§ Work required
The reply should contain the full listing exactly as written and no pictures at all.

§ Dataset extract
════
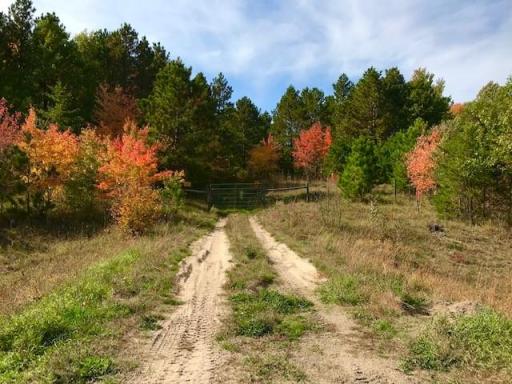 7508 350th Street, Cushing, MN 56443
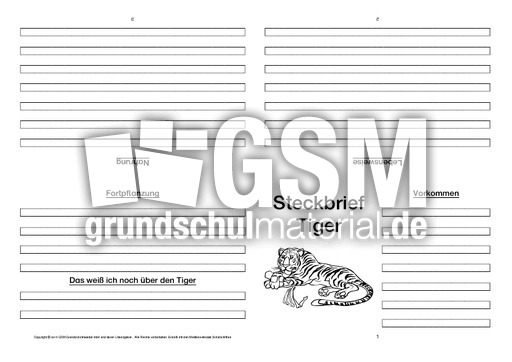 Tiger-Faltbuch-vierseitig-5.pdf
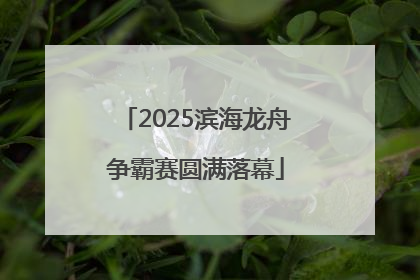2025滨海龙舟争霸赛圆满落幕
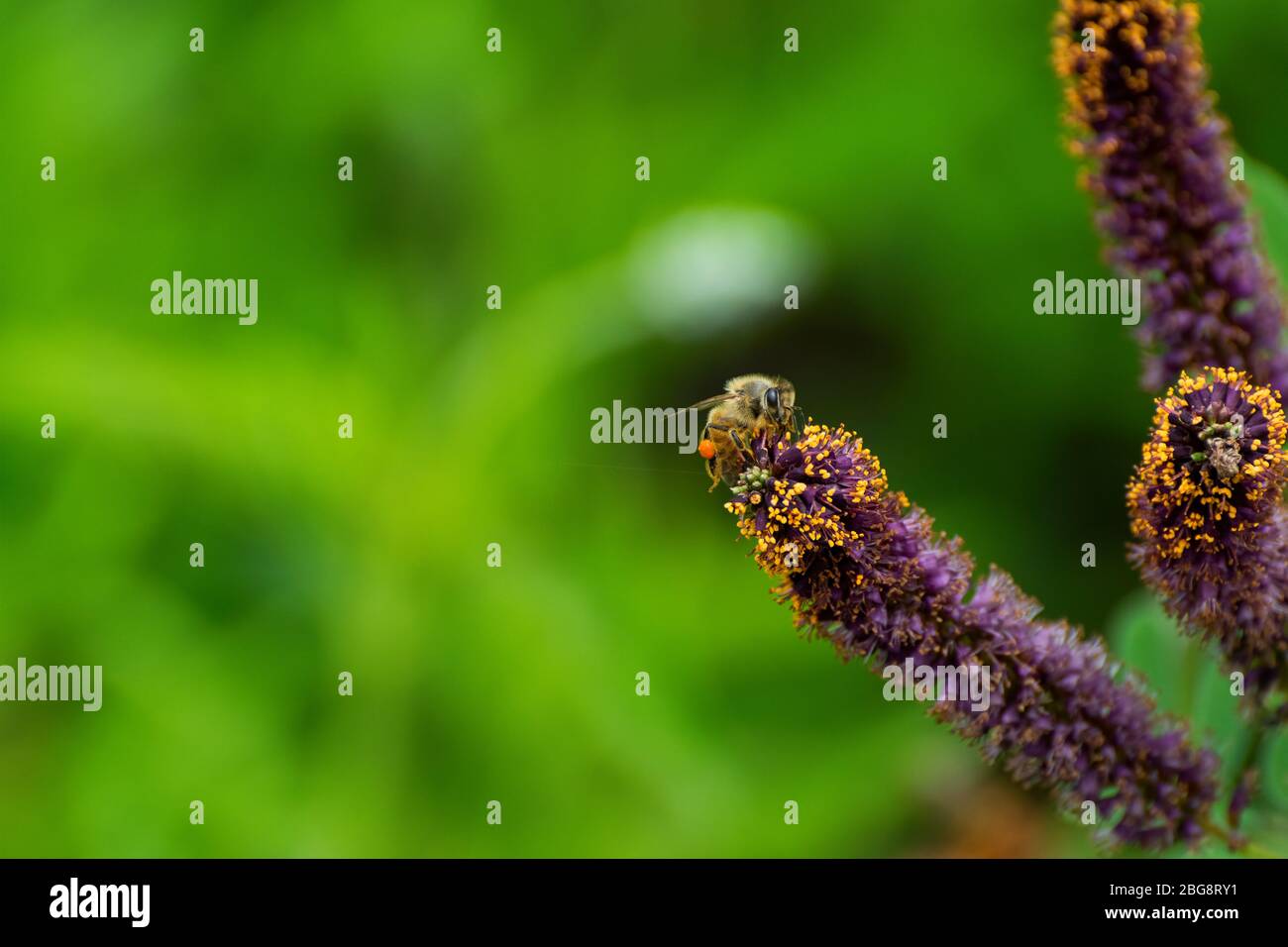 Ape di miele con le sacche gonfie di polline sulle sue gambe posteriori strisciano sopra la cima di un falso fiore di cespuglio indaco mentre impollinando i fiori in un'garde botanica Foto Stock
════
§ Response box
 7508 350th Street, Cushing, MN 56443
 Tiger-Faltbuch-vierseitig-5.pdf
2025滨海龙舟争霸赛圆满落幕
 Ape di miele con le sacche gonfie di polline sulle sue gambe posteriori strisciano sopra la cima di un falso fiore di cespuglio indaco mentre impollinando i fiori in un'garde botanica Foto Stock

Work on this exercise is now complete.